A Republican Party activist with ties to white supremacist militias, Searcy started his career in the mid-1990s as a “one-man ranch patrol” helping California sheriffs catch cattle thieves. By the 2010s he had recast himself as “a strike management and labor relations consultant” hired by growers from California to Canada.5

Despite Searcy’s scare tactics, says Martinez, they persuaded enough workers to sign union cards that the state ALRB scheduled an election. “The company put people dressed like soldiers at all the entrances,” he recalls. The union filed a “notice of intent to take access” and the farm was legally bound to let them in. When they refused, the UFW filed a complaint with the ALRB and sued in Ventura County Superior Court. Martinez was a named complainant. Undocumented status be damned. He was all in.

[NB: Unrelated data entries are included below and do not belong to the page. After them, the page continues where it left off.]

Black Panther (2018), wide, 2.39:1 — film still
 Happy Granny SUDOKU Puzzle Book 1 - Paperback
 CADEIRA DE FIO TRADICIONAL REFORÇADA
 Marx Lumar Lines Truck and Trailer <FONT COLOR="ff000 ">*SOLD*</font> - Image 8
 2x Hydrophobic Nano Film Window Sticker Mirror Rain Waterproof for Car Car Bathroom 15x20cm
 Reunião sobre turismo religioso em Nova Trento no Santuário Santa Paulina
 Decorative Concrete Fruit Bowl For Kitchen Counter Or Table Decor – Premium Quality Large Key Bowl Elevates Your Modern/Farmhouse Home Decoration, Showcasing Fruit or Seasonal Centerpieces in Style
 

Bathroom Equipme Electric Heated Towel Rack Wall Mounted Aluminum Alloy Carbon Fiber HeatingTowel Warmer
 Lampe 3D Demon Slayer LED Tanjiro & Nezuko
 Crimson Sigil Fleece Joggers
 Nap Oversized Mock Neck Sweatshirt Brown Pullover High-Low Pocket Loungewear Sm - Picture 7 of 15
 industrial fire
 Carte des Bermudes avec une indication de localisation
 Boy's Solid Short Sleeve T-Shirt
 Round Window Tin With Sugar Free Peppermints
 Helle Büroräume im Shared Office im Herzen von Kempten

Court records describe Searcy and his “strike management” consultants as wearing “camouflage pants, gray baseball caps with an image of a black spade under a skull and crossbones, and ‘special forces’ buttons on a jacket embroidered with ‘Heli Assault’ and ‘US/NAS INM.’ . . . Rhett Searcy was armed with a gun and a taser. He kept the gun in a visible holster on his side. Mr. Searcy clicked his taser while approaching employees in their vehicles. . . . Mr. Searcy also approached striking employees, swinging his arms, brandishing the taser and clicking it to emit sparks of electricity.”6

Searcy did more than click the Taser, says Martinez. “He was walking around with his taser gun and he would taser people to let them know not to join us. And they had these people driving around the fields in tanks.” Martinez took pictures. He shows one: an armed guard in uniform drives an ATV past rows of workers bent low, picking. The point was to scare people, he says. The company wanted undocumented workers to think that the US military had been sent to stop the union. “When I came to work wearing a UFW button, the supervisors looked at me with real hatred, like we were in a war.”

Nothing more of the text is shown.